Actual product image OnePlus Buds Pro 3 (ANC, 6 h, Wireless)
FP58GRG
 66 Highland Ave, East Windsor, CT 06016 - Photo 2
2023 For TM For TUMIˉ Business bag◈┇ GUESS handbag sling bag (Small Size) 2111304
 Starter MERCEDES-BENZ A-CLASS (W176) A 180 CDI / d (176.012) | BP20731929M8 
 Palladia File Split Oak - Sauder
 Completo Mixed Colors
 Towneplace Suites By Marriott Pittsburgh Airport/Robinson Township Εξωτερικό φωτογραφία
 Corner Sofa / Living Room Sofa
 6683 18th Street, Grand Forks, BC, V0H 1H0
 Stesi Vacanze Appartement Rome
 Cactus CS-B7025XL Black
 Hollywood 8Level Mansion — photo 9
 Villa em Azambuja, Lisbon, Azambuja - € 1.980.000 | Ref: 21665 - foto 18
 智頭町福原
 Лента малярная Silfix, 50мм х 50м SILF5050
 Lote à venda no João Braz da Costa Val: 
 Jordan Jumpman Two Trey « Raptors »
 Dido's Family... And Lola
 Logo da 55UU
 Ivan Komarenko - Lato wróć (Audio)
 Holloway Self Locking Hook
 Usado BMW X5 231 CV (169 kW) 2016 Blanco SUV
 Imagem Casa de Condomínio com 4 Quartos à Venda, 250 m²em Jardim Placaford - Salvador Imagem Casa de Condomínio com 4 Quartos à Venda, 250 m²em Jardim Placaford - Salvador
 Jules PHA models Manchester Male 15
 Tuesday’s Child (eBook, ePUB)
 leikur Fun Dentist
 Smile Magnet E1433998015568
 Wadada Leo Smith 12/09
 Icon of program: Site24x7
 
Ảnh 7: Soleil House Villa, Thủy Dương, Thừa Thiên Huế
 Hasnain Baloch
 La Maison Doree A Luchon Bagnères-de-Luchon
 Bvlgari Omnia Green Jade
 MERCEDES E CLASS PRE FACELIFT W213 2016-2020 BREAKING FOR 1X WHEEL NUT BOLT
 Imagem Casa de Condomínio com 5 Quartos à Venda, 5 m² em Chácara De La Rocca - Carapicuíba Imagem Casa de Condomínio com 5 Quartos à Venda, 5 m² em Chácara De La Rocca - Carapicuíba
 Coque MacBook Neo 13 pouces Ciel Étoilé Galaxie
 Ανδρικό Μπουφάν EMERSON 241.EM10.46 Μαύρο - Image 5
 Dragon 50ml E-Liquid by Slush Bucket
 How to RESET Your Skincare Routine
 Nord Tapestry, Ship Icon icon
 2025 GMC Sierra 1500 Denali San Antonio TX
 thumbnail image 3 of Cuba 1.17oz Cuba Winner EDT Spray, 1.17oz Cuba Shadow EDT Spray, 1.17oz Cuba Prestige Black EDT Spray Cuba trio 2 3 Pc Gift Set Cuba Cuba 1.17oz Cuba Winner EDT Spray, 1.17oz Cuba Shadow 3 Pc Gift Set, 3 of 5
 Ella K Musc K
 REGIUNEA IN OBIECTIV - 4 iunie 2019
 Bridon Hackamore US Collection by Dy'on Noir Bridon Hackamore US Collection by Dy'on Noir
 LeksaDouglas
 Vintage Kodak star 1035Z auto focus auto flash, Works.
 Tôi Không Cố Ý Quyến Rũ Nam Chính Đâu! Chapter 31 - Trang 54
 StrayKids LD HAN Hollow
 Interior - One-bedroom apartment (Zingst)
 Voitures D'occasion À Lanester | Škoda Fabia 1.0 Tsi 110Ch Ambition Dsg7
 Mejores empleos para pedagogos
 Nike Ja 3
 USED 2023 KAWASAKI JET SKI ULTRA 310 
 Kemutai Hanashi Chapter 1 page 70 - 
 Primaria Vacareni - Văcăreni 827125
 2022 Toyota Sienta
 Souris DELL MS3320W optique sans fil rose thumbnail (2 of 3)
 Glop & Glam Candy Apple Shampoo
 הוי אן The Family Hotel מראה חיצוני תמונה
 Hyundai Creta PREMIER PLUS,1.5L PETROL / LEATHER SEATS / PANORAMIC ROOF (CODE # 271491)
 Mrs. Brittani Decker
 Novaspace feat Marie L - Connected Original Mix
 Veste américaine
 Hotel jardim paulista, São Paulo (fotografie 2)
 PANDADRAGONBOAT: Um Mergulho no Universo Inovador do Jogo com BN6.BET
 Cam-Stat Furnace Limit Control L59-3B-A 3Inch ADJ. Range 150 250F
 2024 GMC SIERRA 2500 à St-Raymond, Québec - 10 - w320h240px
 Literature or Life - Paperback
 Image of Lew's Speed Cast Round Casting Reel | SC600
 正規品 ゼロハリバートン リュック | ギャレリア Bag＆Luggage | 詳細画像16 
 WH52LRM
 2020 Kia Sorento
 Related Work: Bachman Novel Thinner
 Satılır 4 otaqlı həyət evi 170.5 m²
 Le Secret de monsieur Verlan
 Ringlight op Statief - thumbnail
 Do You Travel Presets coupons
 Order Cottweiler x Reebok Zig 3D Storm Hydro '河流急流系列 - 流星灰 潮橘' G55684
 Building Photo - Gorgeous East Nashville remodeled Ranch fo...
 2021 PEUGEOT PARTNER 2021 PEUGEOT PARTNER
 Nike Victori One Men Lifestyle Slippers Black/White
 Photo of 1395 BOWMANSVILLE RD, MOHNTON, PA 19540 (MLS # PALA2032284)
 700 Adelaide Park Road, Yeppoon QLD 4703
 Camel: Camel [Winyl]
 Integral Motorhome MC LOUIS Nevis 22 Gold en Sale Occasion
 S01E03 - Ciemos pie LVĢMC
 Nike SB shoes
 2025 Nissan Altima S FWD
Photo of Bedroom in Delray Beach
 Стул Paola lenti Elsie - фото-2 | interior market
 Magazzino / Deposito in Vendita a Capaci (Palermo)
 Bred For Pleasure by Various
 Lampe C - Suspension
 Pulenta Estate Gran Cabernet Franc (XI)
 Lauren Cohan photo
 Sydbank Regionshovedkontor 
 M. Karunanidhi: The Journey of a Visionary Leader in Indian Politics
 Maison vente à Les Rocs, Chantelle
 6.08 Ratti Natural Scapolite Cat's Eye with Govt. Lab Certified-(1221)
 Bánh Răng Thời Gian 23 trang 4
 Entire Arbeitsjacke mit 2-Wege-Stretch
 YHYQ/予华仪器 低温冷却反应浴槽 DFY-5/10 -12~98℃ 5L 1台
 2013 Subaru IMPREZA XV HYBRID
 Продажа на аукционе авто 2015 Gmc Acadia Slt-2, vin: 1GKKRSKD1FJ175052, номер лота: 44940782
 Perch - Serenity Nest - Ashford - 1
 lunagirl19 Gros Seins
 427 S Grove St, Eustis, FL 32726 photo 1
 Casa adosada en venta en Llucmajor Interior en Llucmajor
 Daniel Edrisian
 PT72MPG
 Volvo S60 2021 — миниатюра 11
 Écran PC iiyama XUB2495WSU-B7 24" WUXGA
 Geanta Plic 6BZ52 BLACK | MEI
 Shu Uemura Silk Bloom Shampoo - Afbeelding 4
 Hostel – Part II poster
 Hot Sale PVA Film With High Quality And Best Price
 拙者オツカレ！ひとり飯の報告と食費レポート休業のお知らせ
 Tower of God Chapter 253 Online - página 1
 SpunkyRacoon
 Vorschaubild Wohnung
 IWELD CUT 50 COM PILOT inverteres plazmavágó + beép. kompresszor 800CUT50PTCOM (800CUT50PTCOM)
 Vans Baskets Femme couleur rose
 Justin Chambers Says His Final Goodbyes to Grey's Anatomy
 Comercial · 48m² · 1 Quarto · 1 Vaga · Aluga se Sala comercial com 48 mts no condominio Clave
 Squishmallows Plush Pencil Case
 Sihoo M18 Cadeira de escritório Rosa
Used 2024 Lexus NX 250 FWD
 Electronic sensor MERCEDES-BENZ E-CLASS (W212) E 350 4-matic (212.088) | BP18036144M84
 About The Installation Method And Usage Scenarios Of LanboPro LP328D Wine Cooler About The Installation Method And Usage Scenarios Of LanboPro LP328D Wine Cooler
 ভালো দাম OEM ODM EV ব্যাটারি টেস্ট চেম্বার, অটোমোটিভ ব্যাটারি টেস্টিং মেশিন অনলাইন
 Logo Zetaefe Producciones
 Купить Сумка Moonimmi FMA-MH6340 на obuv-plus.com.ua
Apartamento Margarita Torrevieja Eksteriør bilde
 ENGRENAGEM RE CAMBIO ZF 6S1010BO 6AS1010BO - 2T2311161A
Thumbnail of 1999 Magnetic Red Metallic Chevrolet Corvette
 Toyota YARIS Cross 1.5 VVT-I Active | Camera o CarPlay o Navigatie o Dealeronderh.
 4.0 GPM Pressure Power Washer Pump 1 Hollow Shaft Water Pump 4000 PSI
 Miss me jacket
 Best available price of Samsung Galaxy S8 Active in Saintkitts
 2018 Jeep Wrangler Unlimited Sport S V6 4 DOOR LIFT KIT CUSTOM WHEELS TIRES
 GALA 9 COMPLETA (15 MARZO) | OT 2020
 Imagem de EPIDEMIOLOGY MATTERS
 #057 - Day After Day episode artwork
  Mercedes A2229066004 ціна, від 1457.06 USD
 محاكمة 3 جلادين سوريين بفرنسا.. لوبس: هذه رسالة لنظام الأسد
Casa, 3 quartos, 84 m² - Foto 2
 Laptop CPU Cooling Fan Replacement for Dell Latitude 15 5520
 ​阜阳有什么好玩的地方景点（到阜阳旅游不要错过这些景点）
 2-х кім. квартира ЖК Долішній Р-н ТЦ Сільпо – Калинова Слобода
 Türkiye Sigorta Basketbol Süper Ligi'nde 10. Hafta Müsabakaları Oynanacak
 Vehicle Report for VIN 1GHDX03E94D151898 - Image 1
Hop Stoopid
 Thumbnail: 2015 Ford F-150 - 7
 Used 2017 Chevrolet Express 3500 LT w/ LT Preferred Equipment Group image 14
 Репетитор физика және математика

> **Work required**: Copy out the lines above word for word, stopping after the line containing "Lote à venda".

> **Output of the task**:
Actual product image OnePlus Buds Pro 3 (ANC, 6 h, Wireless)
FP58GRG
 66 Highland Ave, East Windsor, CT 06016 - Photo 2
2023 For TM For TUMIˉ Business bag◈┇ GUESS handbag sling bag (Small Size) 2111304
 Starter MERCEDES-BENZ A-CLASS (W176) A 180 CDI / d (176.012) | BP20731929M8 
 Palladia File Split Oak - Sauder
 Completo Mixed Colors
 Towneplace Suites By Marriott Pittsburgh Airport/Robinson Township Εξωτερικό φωτογραφία
 Corner Sofa / Living Room Sofa
 6683 18th Street, Grand Forks, BC, V0H 1H0
 Stesi Vacanze Appartement Rome
 Cactus CS-B7025XL Black
 Hollywood 8Level Mansion — photo 9
 Villa em Azambuja, Lisbon, Azambuja - € 1.980.000 | Ref: 21665 - foto 18
 智頭町福原
 Лента малярная Silfix, 50мм х 50м SILF5050
 Lote à venda no João Braz da Costa Val: 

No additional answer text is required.